Seismologists, too, are still studying the Sept. 19 earthquake, trying to better understand what’s happening underneath Mexico City. Our new paper in Geophysical Research Letters brings critical findings to light.
Since the damaging quake, we have been analyzing data from the national network of seismological sensors, as well as high-quality GPS stations around the country. Together, these instruments measure shaking across Mexico. We wanted to know what caused this magnitude 7.1 earthquake and whether a future shock could strike even closer to this city of 20 million.
Here’s what we learned.
The Earth’s trembling surface
People in central Mexico are accustomed to the ground shaking. Since 1980, 40 perceptible earthquakes have hit this region. The Sept. 19 quake actually occurred on the 32nd anniversary of the magnitude 8.1 earthquake that killed at least 10,000 people in and around Mexico City in 1985.
That catastrophe marked an entire generation of Mexicans, including ourselves, back when we were just kids.
Now, as working seismologists, we have discovered that the 2017 earthquake, called Puebla-Morelos, was fundamentally unlike its 1985 predecessor. In fact, it was different than most big Mexican earthquakes, which typically happen along the country’s Pacific coast, where two tectonic plates collide.

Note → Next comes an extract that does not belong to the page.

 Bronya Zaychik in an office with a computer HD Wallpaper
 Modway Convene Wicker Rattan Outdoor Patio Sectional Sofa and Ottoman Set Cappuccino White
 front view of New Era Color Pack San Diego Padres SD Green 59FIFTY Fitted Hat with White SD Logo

The Puebla-Morelos quake occurred well inland – just 70 miles south of Mexico City, in Puebla state. Since the 1920s, only five other large earthquakes have originated in central Mexico.
D. Melgar, CC BY-SA
How earthquakes happen
Most major earthquakes worldwide happen along the unstable intersections in the Earth’s crust, where two tectonic plates – that is, the underground slabs that make up the planet’s rocky shell – collide, one plate sliding beneath the other.
These are called subduction zones, and continued plate movements in those areas are responsible for the world’s largest earthquakes – the kinds that occasionally rattle Alaska, Japan, Chile and Indonesia.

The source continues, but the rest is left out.